------ DATA RECORDS ------

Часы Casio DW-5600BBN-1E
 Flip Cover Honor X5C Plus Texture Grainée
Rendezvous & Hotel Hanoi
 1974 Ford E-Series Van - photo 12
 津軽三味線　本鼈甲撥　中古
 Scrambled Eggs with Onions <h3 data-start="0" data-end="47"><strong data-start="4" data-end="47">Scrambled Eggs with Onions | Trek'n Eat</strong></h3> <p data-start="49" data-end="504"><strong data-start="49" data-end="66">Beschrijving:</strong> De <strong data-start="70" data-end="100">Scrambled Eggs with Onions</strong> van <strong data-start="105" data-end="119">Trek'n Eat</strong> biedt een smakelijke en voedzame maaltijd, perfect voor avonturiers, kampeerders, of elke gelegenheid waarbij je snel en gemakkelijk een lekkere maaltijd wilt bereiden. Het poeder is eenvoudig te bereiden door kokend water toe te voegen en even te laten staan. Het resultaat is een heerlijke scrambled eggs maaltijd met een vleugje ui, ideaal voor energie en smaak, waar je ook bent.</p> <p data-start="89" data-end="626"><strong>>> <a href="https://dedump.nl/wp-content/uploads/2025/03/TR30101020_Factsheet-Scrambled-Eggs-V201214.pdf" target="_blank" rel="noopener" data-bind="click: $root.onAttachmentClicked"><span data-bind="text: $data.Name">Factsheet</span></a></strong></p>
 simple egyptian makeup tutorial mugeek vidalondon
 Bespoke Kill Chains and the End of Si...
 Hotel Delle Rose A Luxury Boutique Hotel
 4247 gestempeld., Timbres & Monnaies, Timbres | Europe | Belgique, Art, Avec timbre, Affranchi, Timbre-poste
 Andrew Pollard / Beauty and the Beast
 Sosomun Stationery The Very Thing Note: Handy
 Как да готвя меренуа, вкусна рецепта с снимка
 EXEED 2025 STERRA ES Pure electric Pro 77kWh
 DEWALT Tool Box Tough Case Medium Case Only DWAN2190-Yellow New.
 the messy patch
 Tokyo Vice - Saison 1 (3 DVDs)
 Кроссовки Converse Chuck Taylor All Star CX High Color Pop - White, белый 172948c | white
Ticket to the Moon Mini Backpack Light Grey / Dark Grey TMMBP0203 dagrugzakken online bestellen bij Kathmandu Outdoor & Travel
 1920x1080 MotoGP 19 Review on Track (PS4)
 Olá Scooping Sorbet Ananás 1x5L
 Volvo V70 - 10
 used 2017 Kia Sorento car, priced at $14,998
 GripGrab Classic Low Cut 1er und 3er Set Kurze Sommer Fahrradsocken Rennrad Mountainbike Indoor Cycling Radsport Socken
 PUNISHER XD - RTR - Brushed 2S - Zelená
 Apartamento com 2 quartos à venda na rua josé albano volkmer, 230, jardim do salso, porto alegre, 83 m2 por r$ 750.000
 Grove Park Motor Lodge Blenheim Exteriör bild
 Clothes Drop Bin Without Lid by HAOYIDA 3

------

◆ **TASK DETAILS**
The answer must consist of every line in the records above that contains the word "Hotel".

◆ **SOLUTION FOR THIS EXERCISE**
Rendezvous & Hotel Hanoi
 Hotel Delle Rose A Luxury Boutique Hotel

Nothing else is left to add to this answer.